Volundr entera tembló. Los canales de energía en los cielos vibraron como cuerdas gigantes rasgadas por el Viento de los Primeros Tiempos. Se escuchó, a través de siglos acumulados, un alarido múltiple: ranas del futuro, niños antaño, relojeros borrachos, todos mezclando su pánico.

Pero nada sucedió. La puerta no se abrió ni se cerró. El universo pareció aguantar la respiración.

Helena, jadeante, retrocedió. El Custodio la miró, ahora sin rostro —simplemente un remolino, un hueco donde antes hubo presencia.

—Has osado, y fallado a la vez —le susurraron miles de voces a través de la trama de la estancia, silbando y apretando—. De ahora en adelante, querida, te has convertido en el Ritual sin reloj, en la duda cartesiana, en el latido previo al apocalipsis.

Helena sintió cómo el pasado empezaba a derramarse por los ojos del Custodio (o el hueco que ocupaba ahora esa figura). A su alrededor, las catacumbas ya no sostenían la gravedad ni la indiferencia. Los nombres del tiempo se deslizaban en forma de polvo dorado. La realidad se replegaba como un origami en manos de una criatura ciega.

Helena salió tambaleante, abrazando la llave maldita. Ahora era parte de la propia ciudad: un conducto para las bifurcaciones eternas, una guardiana de todo lo que pudo y no pudo haber sucedido.

Desde entonces, las noches sin horas de Volundr están habitadas por la sombra de una mujer que lleva una pequeña llave negra.
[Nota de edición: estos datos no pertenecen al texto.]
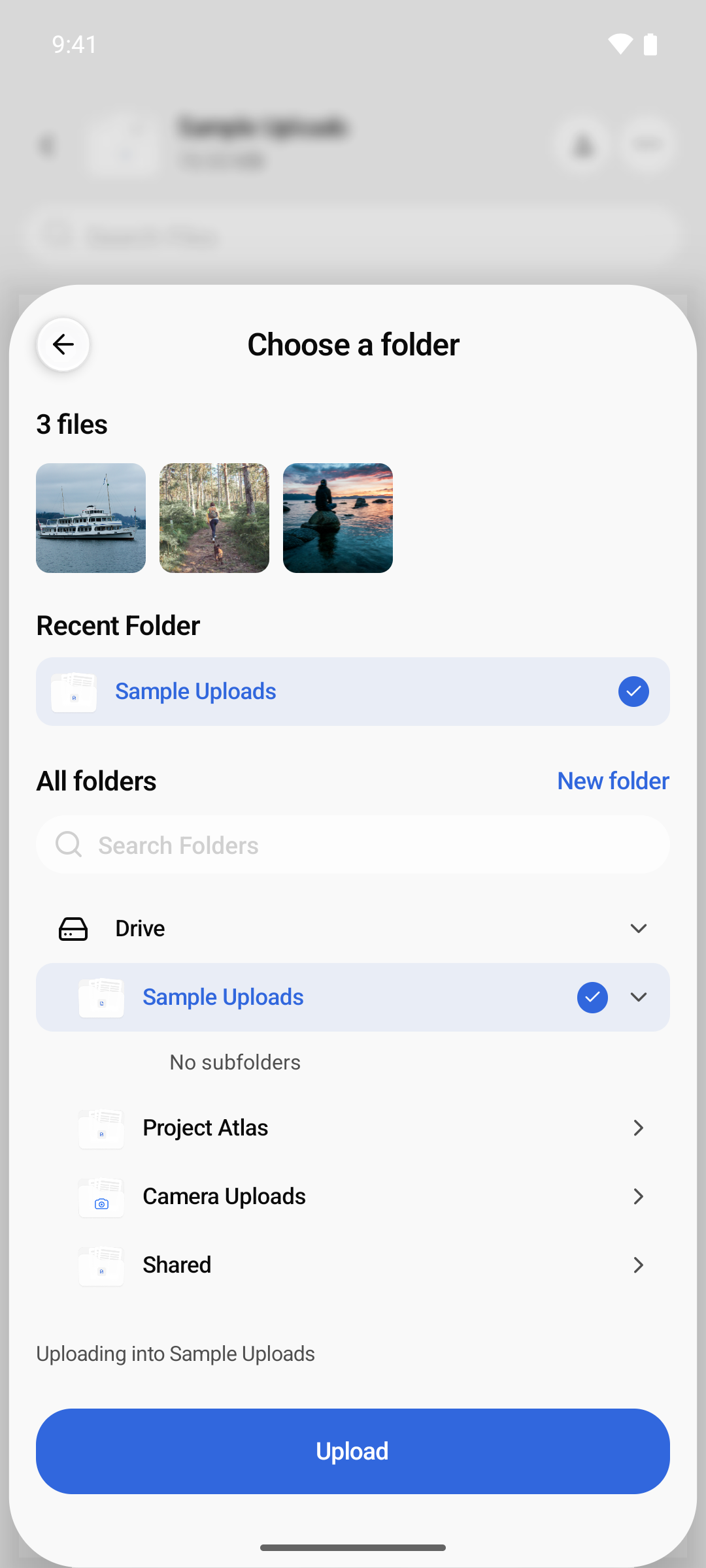 The Choose a folder sheet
Algunos la ven deambular entre los puentes de energía, hablando sola o rezando con voz de esquirla cortante. Dicen que busca el nombre correcto, el que falta en la ecuación. Otros opinan que busca, en realidad, una manera de olvidar ese nombre.

Así termina el relato y así comienza de nuevo, en la ciudad donde los relojes ya no importan, donde ser dueño del tiempo es la condena máxima y el único placer permitido, donde el arte de perderse es la única forma de sobrevivir al Ritual para un reloj sin agujas.